[Gluster-users] "Incorrect brick" errors

Discussion:

Toby Corkindale

2013-08-06 08:24:39 UTC

Hi,
I'm getting some confusing "Incorrect brick" errors when attempting to
remove OR replace a brick.

gluster> volume info condor

Volume Name: condor
Type: Replicate
Volume ID: 9fef3f76-525f-4bfe-9755-151e0d8279fd
Status: Started
Number of Bricks: 1 x 2 = 2
Transport-type: tcp
Bricks:
Brick1: mel-storage01:/srv/brick/condor
Brick2: mel-storage02:/srv/brick/condor

gluster> volume remove-brick condor replica 1
mel-storage02:/srv/brick/condor start
Incorrect brick mel-storage02:/srv/brick/condor for volume condor

If that is the incorrect brick, then what have I done wrong?

thanks,
Toby

Toby Corkindale

2013-08-07 01:44:42 UTC

Permalink

Post by Toby Corkindale
Hi,
I'm getting some confusing "Incorrect brick" errors when attempting to
remove OR replace a brick.
gluster> volume info condor
Volume Name: condor
Type: Replicate
Volume ID: 9fef3f76-525f-4bfe-9755-151e0d8279fd
Status: Started
Number of Bricks: 1 x 2 = 2
Transport-type: tcp
Brick1: mel-storage01:/srv/brick/condor
Brick2: mel-storage02:/srv/brick/condor
gluster> volume remove-brick condor replica 1
mel-storage02:/srv/brick/condor start
Incorrect brick mel-storage02:/srv/brick/condor for volume condor
If that is the incorrect brick, then what have I done wrong?

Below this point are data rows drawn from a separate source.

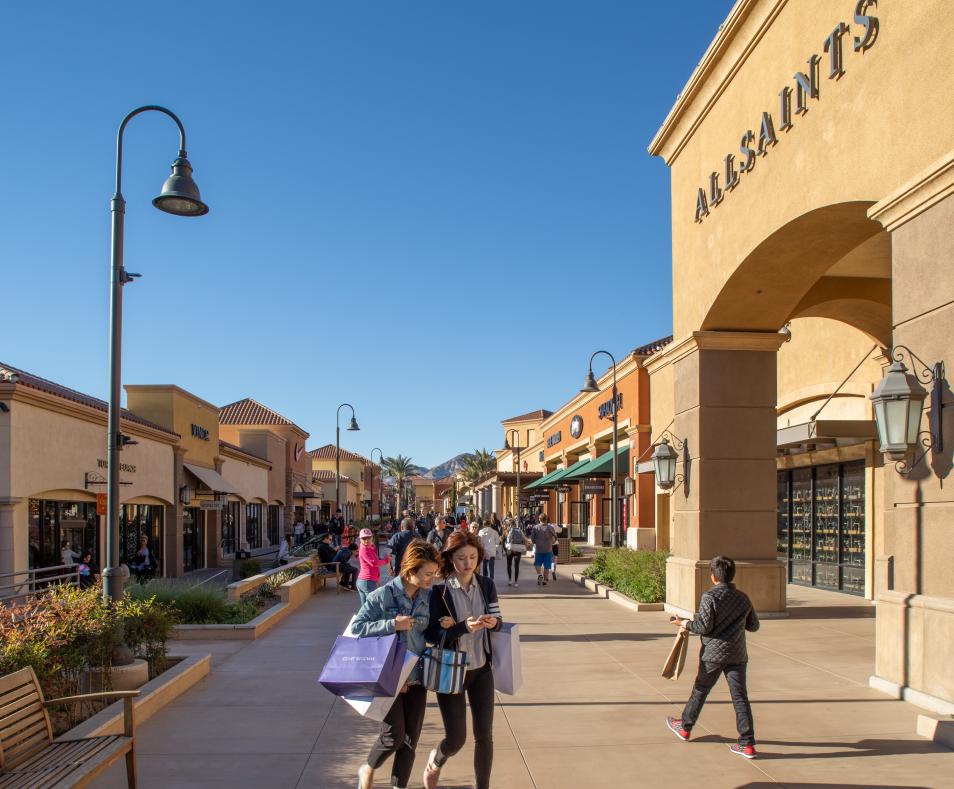 Desert Hills Premium Outlets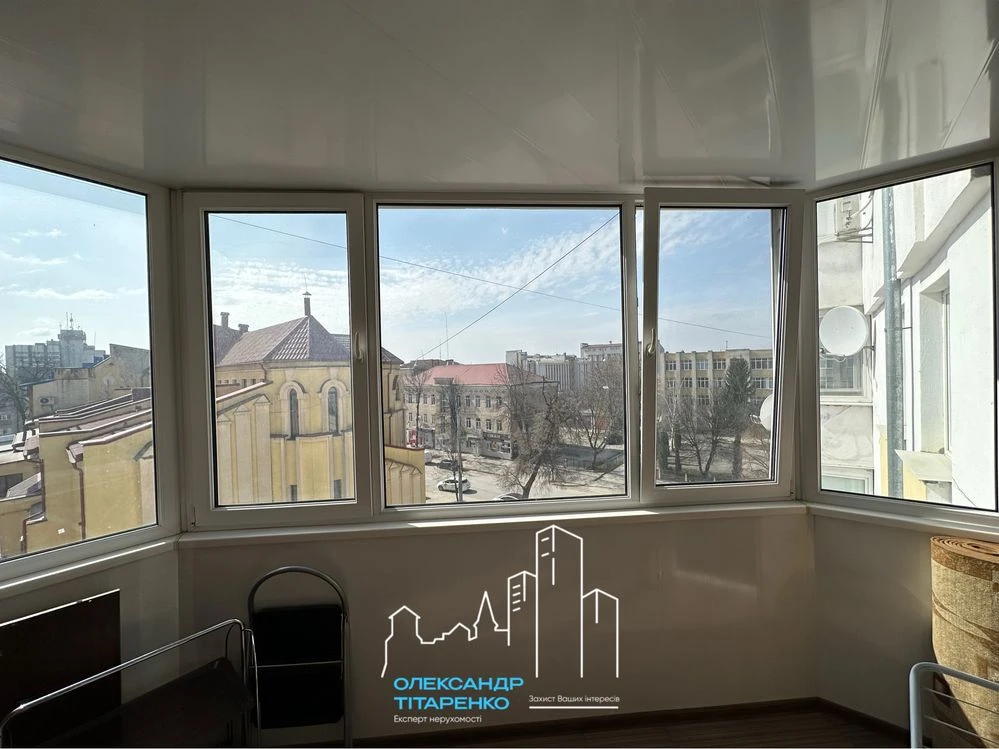 Продам ЕКСКЛЮЗИВНУ 3-кімнатну квартиру в самому центрі міста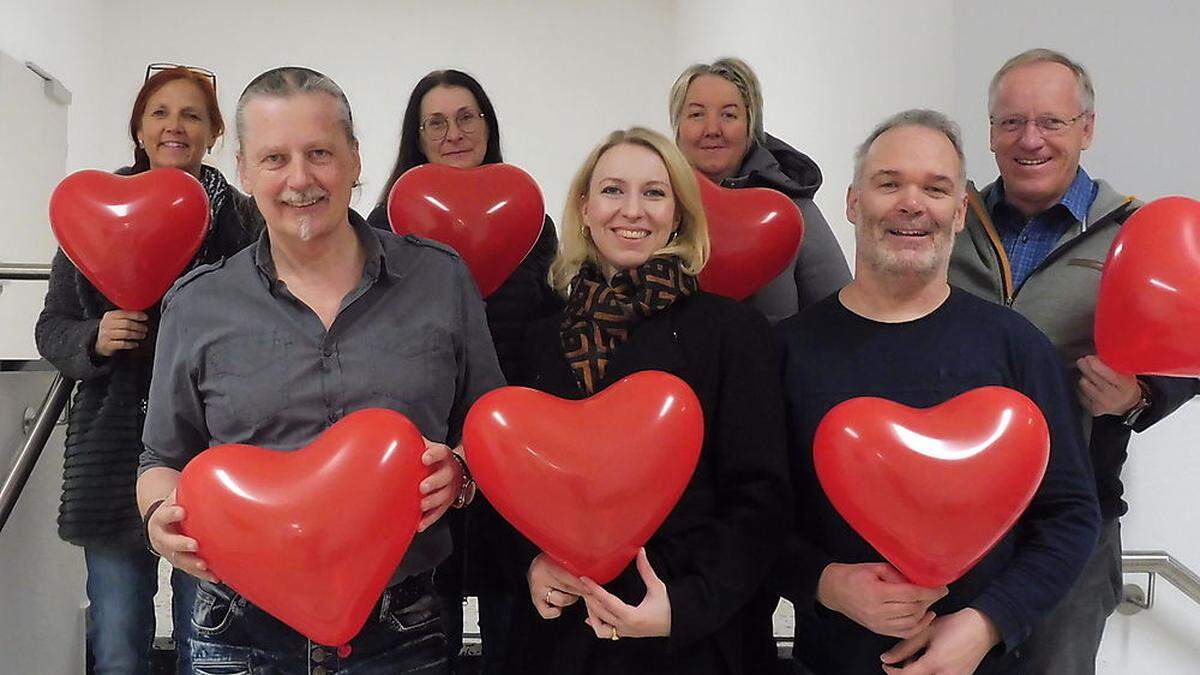 Vertreter des ÖGB Lienz: Alberta Kuenz, Harald Kuenz, Vera Mair, Evelyn Müller, Agnes Rainer, Martin Strasser und Willi Lackner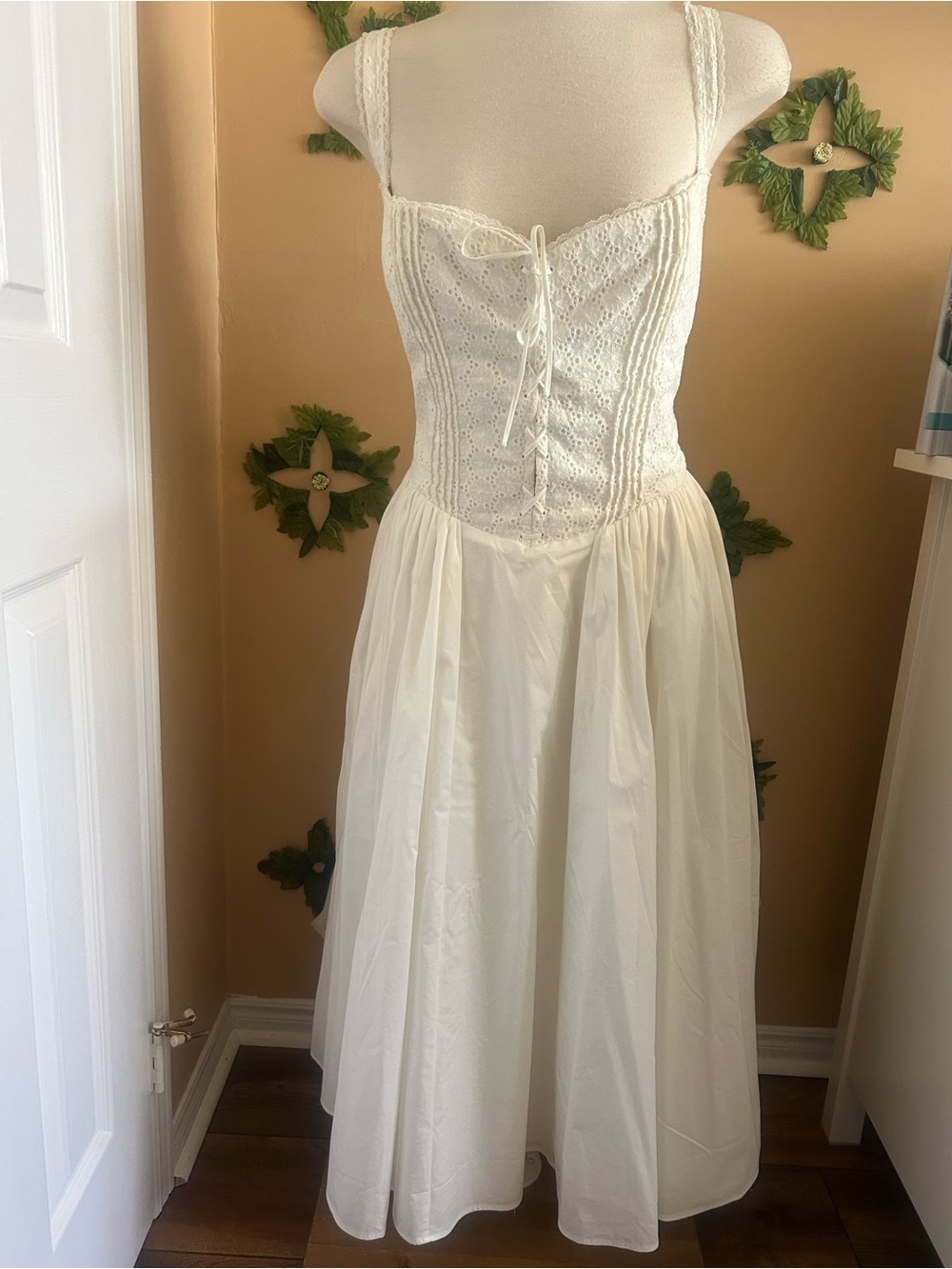 White Lace-Up Bodice Maxi Dress - Picture 2 of 7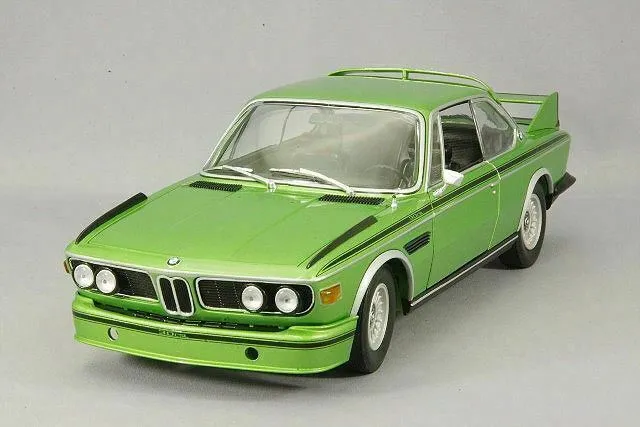 45864 diecast car collection display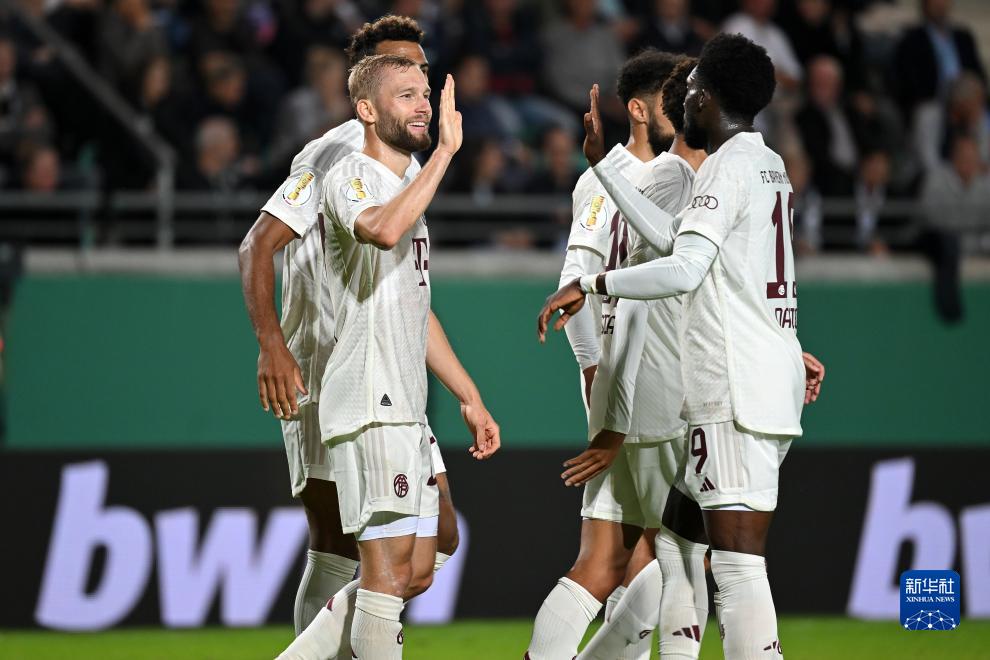 旧将佩内夫患肾癌需要手术，瓦伦西亚为其筹款（佩内夫罹患肾癌需手术，瓦伦西亚发起募捐）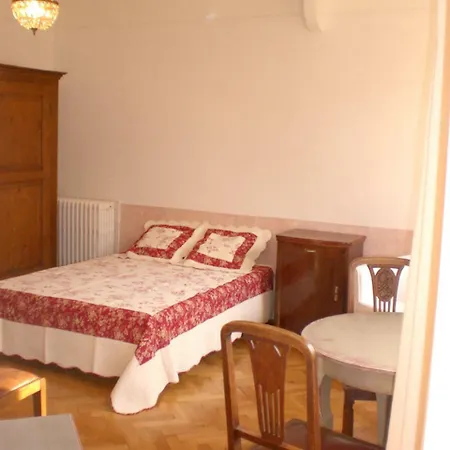Апартаменти Studio Rue Des Tetes *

Note that the log files don't seem to be any use here, they just report:

E [glusterd-brick-ops.c:749:glusterd_handle_remove_brick] 0-: Incorrect
brick mel-storage02:/srv/brick/condor for volume condor

Toby Corkindale

2013-08-08 02:31:24 UTC

Permalink

I never did manage to figure this out.
All attempts to replace-brick failed inexplicably; we could add-brick
but then still not remove-brick the old one, and the new bricks didn't
seem to be functioning properly anyway.

Eventually we just sucked it up and caused a couple of hours of downtime
across all production servers while we brought up a whole new gluster
cluster and moved everything to it.

That's been the final straw for us though -- we're going to ditch
Gluster across the company as soon as possible. It's too risky to keep
using it.
It's been unreliable and unpredictable, and if anything version 3.3 has
been worse than 3.2 for bugs. (And I have no faith at all that 3.4 is an
improvement)

-Toby

Post by Toby Corkindale

E [glusterd-brick-ops.c:749:glusterd_handle_remove_brick] 0-: Incorrect
brick mel-storage02:/srv/brick/condor for volume condor

Krishnan Parthasarathi

2013-08-08 03:09:28 UTC

Permalink

Hi Toby,

----- Original Message -----

I agree that the error message displayed is far from helpful. The reason your
attempt to remove a brick from 1X2 replicate volume failed is because
it is not a 'legal' operation.

Here are some rules and background, that are implicit, about how to determine if a
remove-brick operation is allowed. Some may seem debatable, but
that is how things are today. We could refine them and arrive evolve
better set of rules via discussions on the mailing lists.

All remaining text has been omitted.